Derya, yaptığı açıklamada, 2022 yılında imzalanan ve adı “İktisadi-Mali İşbirliği Anlaşması” olan protokolü hatırlatarak şu ifadeleri kullandı:

“O protokolde, ‘Toplu iş sözleşmeleri süre bitiminden sonra otomatik olarak uzamayacak şekilde yeniden düzenlenecek’ gibi ifadeler yer alıyordu. UBP-DP-YDP atanmış hükümeti, emekçilerin toplu sözleşme hakkını Maliye Bakanının keyfine, yürütmenin insafına bırakmak istiyor!”

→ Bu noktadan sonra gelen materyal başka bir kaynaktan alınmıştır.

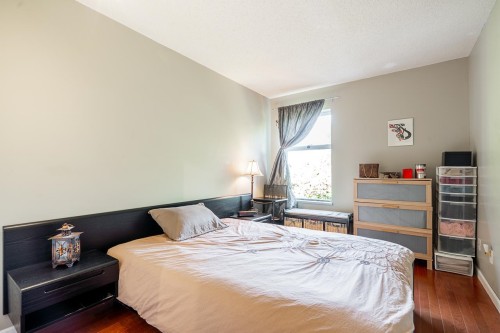 592 16Th Avenue W, Vancouver, BC 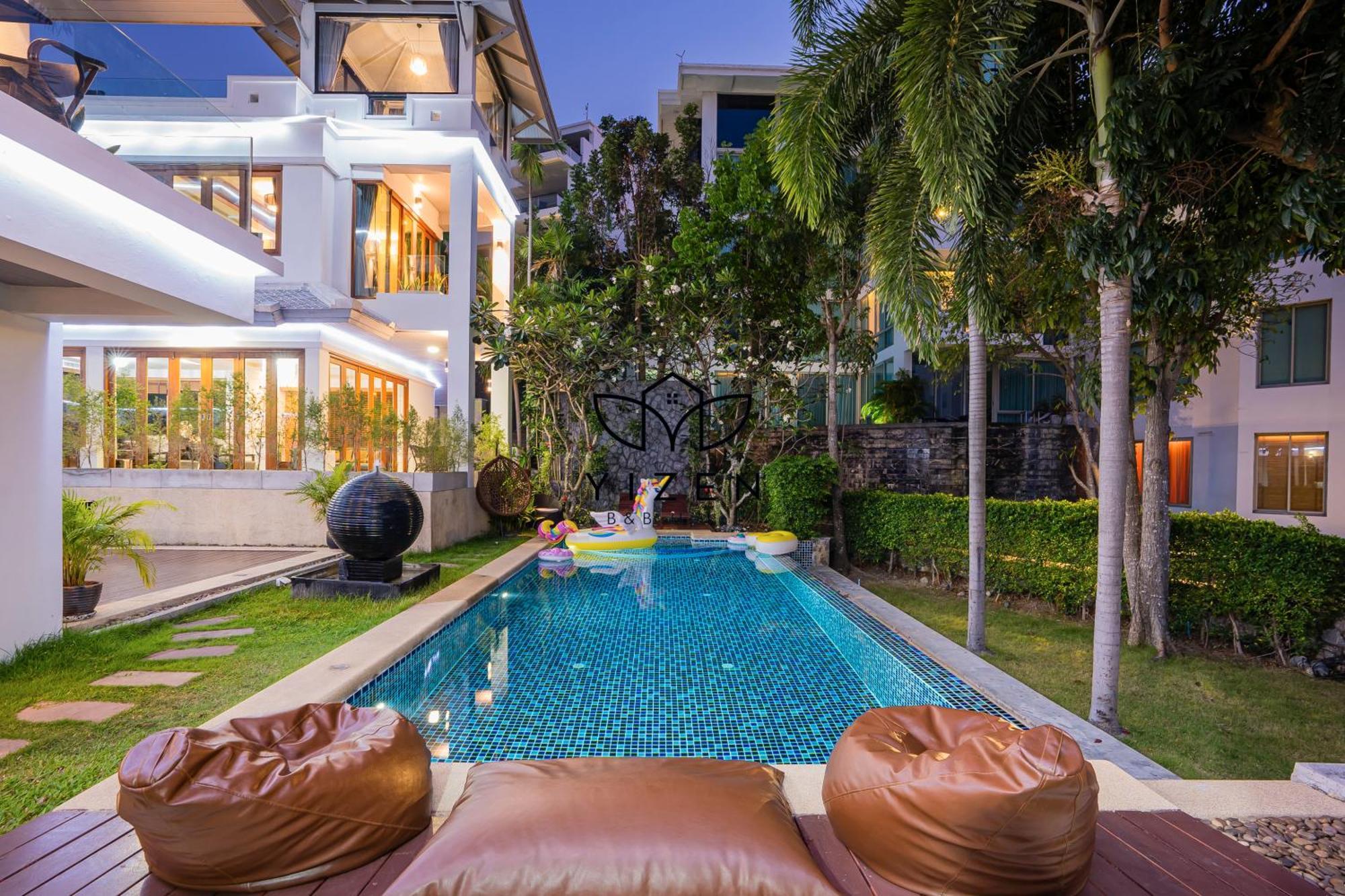 Yizen Beachfront Seaview Pattaya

Paylaşımında eklediği yasa tasarısı metni ile birlikte Derya, hükümetin çalışanların haklarını budamaya çalıştığını ve bunun bir diktatörlük inşası anlamına geldiğini belirtti. Şu ifadeleri kullandı:

“Konu meclis sorunu değil, hükümet sorunudur. Konu, hukuk düzeninin ve demokratik hakların yok edilmesidir dediğimizde bunları kast ediyoruz. Farkında mısınız?”

HAKLARA YÖNELİK TEHDİT: TOPLU SÖZLEŞMEYE SINIRLAMALAR
CTP’li vekilin paylaştığı yasa tasarısında, kamuda çalışanlar için toplu iş sözleşmelerinin kapsamının sınırlandırılacağı ve Maliye Bakanının yetkilerine bağlanacağı görülüyor. Tasarıda yer alan düzenlemeler, işverenlerin toplu sözleşmeleri keyfi olarak uygulamama insiyatifine sahip olacağı bir sistemi öneriyor.

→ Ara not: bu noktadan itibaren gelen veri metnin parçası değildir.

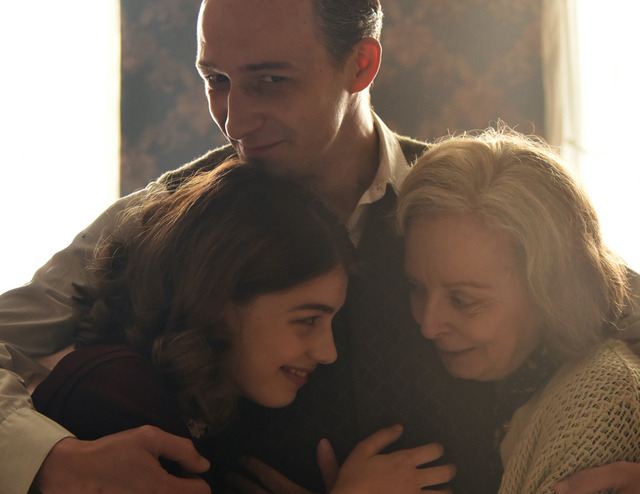 『この世界に残されて』（C）Inforg-M&M Film 2019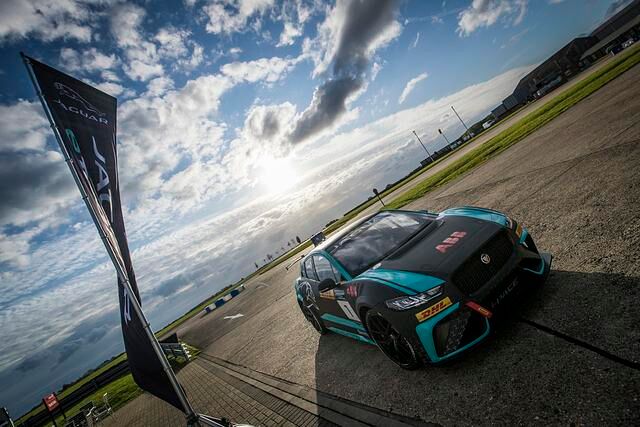 Auch wenn die Abteilung SVO bei Jaguar immerhin acht Zentner Gewicht aus dem Auto geholt hat, wiegt der iPace auch in der Trophy-Version noch gute zwei Tonnen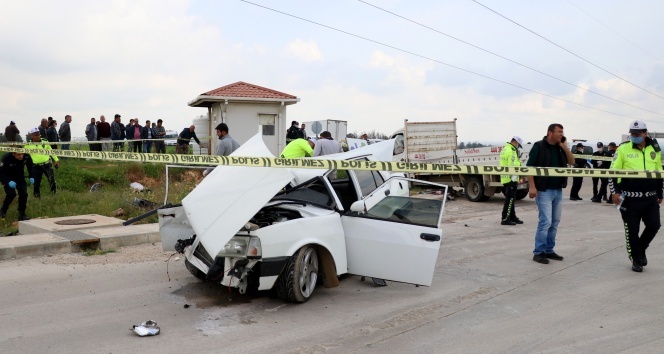 Adana’da feci trafik kazası: 3 ölü, 2 yaralı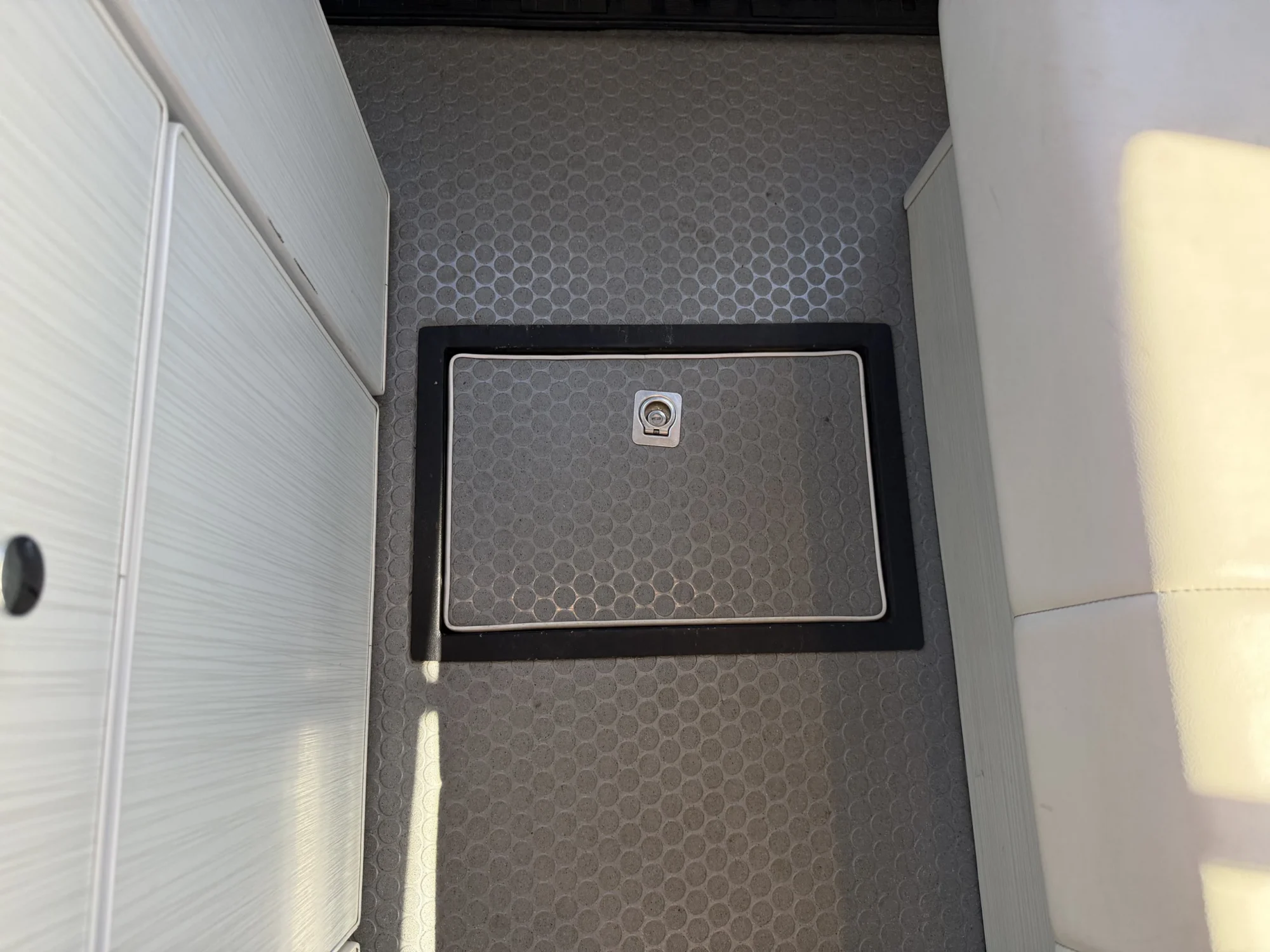 2018 Mercedes Sprinter 2500 144 High Roof 4x4, underfloor storage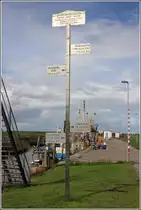 Wurster Nordseek�ste. Die Sturmflutmarke am Hafen von Spieka-Neufeld zeigt den Wasserstand einiger Sturmfluten an und macht damit die Notwendigkeit von Deichen deutlich. 26.08.2018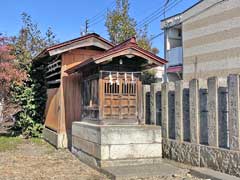 上小川神社境内社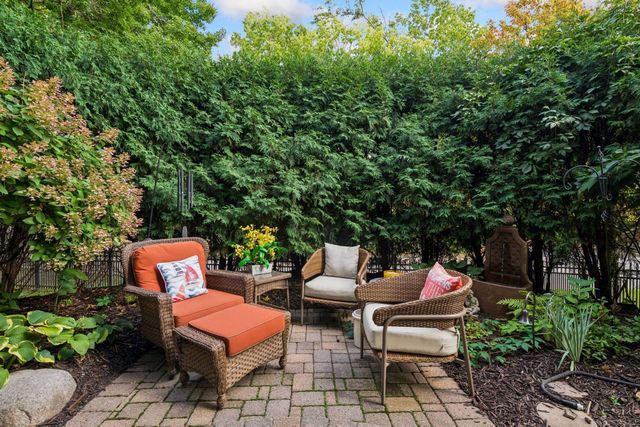 745 Rice Street E, Wayzata, MN 55391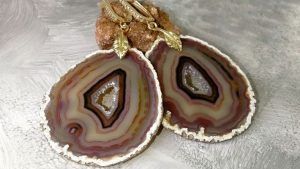 Серьги с агатом: особенности, как выбрать и носить Серьги с агатом: особенности, как выбрать и носить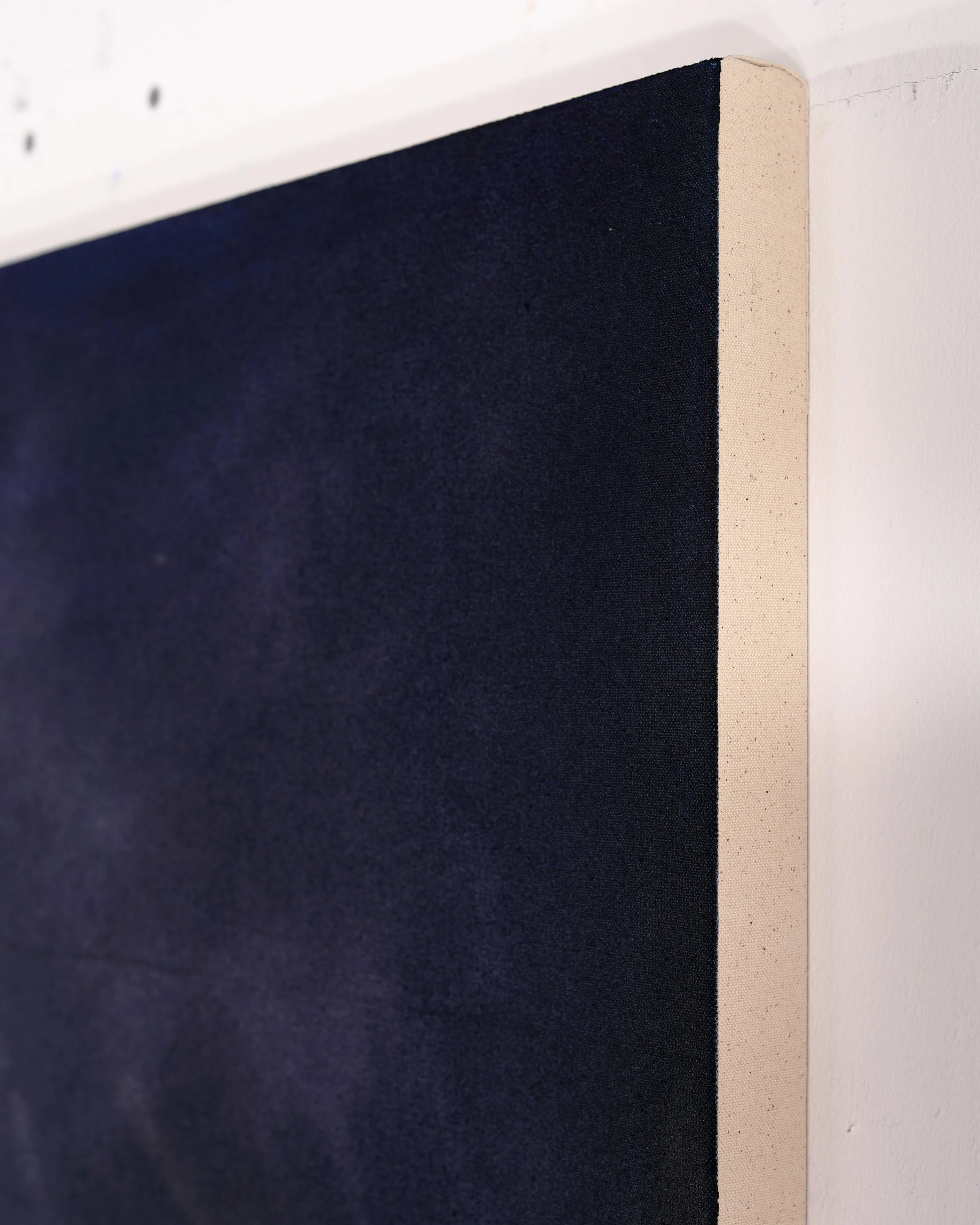  raw unprimed canvas edges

Doğuş Derya, bu düzenlemeyle çalışanların haklarının yürütme organının insafına bırakıldığını belirterek, emekçiler için demokratik hakların budandığı bir düzenin adım adım inşa edilmekte olduğunu savundu.

Derya, bu tür girişimlerin yalnızca bir yasa değişikliği değil, sistematik bir hak ihlali olduğunu ifade ederek, toplumu bu süreçlere karşı daha duyarlı olmaya çağırdı. CTP milletvekili, paylaşımını “Hukuk düzeni ve demokratik hakların yok edilmesine seyirci kalamayız” diyerek sonlandırdı.